**Records**
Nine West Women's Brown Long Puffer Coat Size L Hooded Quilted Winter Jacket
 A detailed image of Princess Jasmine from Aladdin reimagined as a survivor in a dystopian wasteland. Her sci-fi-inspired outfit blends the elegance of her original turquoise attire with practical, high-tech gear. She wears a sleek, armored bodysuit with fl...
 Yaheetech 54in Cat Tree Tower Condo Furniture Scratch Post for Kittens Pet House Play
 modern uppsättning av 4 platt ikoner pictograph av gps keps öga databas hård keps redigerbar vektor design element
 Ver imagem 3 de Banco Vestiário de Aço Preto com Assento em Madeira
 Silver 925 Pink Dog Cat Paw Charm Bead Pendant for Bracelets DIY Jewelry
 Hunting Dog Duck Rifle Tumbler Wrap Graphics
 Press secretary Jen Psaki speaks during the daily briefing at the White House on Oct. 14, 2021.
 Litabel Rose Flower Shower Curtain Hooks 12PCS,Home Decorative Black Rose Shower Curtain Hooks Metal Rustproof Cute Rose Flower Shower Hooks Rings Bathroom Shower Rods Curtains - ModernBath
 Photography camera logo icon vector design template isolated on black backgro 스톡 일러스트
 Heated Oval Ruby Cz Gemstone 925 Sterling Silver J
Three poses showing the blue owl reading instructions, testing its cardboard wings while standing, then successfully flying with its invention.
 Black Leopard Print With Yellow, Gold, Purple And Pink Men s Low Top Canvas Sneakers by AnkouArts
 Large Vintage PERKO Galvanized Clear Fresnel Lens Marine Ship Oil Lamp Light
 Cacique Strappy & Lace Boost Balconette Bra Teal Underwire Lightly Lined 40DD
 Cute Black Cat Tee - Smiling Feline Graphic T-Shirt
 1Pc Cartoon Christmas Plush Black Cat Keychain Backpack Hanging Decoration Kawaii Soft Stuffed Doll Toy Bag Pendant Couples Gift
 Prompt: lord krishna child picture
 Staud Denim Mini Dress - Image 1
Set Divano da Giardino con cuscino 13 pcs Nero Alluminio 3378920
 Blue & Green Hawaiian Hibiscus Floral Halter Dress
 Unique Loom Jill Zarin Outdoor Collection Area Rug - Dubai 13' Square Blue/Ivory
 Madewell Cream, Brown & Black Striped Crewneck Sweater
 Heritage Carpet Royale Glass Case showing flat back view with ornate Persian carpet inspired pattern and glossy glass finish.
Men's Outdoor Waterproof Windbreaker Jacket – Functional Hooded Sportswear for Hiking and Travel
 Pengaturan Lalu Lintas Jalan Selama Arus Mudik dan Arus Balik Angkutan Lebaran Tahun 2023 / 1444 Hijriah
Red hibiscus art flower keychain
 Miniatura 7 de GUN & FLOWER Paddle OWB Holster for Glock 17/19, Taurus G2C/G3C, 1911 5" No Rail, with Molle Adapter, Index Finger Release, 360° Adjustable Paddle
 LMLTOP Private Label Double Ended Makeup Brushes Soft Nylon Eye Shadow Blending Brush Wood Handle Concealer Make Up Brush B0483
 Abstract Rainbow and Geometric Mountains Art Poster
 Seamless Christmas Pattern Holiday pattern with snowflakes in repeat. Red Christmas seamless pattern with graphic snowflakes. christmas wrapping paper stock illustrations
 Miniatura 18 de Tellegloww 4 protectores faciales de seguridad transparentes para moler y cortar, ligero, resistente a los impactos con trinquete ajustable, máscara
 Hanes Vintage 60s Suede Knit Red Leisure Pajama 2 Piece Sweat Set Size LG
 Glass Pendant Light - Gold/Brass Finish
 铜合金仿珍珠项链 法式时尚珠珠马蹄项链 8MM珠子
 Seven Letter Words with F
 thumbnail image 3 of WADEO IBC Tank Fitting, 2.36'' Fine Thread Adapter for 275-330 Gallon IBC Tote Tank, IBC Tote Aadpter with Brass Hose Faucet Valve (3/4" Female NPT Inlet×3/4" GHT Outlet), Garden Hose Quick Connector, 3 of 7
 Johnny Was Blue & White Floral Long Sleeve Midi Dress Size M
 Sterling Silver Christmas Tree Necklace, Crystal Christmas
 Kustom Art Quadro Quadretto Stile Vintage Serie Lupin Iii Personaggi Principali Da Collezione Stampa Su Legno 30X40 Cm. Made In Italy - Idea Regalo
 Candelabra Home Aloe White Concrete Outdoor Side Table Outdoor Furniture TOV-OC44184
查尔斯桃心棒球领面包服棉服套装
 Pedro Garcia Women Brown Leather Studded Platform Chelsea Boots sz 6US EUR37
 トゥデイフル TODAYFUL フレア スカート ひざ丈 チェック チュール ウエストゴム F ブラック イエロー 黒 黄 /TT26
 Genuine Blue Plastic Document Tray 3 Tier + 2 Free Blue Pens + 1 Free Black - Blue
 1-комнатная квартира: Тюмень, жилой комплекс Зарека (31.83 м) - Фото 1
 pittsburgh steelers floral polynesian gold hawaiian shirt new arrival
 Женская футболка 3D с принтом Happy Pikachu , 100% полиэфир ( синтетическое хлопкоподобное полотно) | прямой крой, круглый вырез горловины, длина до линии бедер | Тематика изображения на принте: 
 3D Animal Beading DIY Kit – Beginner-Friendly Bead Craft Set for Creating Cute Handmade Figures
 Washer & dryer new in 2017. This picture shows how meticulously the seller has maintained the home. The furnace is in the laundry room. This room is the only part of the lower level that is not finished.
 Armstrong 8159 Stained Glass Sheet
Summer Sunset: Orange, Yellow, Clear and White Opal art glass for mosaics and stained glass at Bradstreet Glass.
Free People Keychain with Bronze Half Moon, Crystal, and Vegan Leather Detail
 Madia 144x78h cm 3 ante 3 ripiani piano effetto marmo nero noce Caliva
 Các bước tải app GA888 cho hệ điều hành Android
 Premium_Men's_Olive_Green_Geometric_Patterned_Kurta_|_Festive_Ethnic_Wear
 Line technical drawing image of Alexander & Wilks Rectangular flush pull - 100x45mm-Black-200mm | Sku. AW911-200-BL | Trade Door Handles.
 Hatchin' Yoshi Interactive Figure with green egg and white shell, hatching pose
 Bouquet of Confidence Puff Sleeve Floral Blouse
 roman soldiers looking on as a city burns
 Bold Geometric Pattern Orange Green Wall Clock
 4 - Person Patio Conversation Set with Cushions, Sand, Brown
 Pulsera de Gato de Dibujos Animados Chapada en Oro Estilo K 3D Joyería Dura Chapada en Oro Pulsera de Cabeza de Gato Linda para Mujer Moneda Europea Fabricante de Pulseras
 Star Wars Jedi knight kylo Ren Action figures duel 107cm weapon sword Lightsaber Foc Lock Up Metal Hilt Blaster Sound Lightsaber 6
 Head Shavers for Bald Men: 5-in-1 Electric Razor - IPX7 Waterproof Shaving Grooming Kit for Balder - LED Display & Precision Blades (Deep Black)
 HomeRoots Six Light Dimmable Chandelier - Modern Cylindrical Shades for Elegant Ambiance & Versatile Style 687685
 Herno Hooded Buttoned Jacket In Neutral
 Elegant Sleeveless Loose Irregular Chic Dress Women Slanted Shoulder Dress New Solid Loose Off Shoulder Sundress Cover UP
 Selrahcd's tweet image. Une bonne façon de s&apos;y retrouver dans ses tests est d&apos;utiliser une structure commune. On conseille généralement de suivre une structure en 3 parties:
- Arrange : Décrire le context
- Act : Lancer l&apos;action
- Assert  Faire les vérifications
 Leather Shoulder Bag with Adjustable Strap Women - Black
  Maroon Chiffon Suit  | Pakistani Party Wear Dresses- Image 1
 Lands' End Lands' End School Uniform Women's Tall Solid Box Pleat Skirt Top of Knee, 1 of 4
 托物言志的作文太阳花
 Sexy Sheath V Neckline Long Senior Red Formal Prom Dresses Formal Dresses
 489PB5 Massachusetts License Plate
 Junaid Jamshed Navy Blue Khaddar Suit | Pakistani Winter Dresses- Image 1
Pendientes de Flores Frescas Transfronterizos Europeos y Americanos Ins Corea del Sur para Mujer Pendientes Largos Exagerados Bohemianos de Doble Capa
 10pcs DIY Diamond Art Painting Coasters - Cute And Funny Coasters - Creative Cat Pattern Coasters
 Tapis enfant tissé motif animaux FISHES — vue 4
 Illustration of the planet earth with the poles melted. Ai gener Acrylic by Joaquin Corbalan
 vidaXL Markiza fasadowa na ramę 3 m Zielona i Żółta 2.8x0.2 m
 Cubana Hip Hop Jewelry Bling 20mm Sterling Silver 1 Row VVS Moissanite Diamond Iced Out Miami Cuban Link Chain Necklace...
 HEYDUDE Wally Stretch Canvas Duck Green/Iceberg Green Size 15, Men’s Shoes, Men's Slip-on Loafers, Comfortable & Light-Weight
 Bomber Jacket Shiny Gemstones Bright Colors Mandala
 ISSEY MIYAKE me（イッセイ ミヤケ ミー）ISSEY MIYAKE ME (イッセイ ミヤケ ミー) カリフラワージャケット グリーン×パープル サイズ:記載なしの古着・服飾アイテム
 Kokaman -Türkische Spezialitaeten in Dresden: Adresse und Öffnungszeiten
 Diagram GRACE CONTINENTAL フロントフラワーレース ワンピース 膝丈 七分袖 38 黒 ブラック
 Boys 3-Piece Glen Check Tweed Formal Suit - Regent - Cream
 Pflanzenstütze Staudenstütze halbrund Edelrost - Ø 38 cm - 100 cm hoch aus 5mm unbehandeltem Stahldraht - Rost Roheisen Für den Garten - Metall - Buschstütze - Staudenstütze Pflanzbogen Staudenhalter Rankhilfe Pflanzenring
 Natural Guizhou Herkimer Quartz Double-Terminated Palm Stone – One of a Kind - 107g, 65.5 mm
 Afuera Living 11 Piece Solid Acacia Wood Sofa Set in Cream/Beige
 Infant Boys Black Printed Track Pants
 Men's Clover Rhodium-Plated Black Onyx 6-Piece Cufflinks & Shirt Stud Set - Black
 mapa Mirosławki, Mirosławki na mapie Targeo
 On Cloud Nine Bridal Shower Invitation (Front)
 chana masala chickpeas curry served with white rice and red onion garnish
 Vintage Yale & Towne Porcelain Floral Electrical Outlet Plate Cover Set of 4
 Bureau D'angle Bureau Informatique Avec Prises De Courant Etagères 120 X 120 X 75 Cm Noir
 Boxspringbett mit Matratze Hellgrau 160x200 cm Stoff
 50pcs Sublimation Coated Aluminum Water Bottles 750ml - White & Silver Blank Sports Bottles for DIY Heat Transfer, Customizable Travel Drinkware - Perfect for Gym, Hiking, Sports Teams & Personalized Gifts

**What you will do**
Which lines above run from the one containing "Herno Hooded Buttoned Jacket In Neutral" to the one containing "Selrahcd's tweet image."? Give them again exactly, both ends included.

**Task output**
 Herno Hooded Buttoned Jacket In Neutral
 Elegant Sleeveless Loose Irregular Chic Dress Women Slanted Shoulder Dress New Solid Loose Off Shoulder Sundress Cover UP
 Selrahcd's tweet image. Une bonne façon de s&apos;y retrouver dans ses tests est d&apos;utiliser une structure commune. On conseille généralement de suivre une structure en 3 parties:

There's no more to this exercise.